- Exercise description -
From the entries that follow, copy each line containing the word "with".

- Input records -
-- -- --

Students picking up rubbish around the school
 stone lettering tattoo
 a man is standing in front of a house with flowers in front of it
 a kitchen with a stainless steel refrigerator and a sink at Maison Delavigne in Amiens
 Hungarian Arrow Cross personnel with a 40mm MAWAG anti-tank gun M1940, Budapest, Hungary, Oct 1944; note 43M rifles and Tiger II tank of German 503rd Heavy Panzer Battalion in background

-- -- --

- Output of the task -
 a man is standing in front of a house with flowers in front of it
 a kitchen with a stainless steel refrigerator and a sink at Maison Delavigne in Amiens
 Hungarian Arrow Cross personnel with a 40mm MAWAG anti-tank gun M1940, Budapest, Hungary, Oct 1944; note 43M rifles and Tiger II tank of German 503rd Heavy Panzer Battalion in background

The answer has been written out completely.